ACTIVITY:
Copy out all of the data exactly as it appears.

Segment Open

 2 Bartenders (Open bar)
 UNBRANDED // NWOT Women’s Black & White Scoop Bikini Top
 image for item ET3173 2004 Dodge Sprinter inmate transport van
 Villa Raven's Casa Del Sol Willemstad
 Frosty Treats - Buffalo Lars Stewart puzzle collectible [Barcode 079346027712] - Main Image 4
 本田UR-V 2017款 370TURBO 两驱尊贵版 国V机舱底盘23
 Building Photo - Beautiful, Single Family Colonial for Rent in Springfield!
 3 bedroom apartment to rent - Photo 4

Segment Closed

TASK OUTPUT:
 2 Bartenders (Open bar)
 UNBRANDED // NWOT Women’s Black & White Scoop Bikini Top
 image for item ET3173 2004 Dodge Sprinter inmate transport van
 Villa Raven's Casa Del Sol Willemstad
 Frosty Treats - Buffalo Lars Stewart puzzle collectible [Barcode 079346027712] - Main Image 4
 本田UR-V 2017款 370TURBO 两驱尊贵版 国V机舱底盘23
 Building Photo - Beautiful, Single Family Colonial for Rent in Springfield!
 3 bedroom apartment to rent - Photo 4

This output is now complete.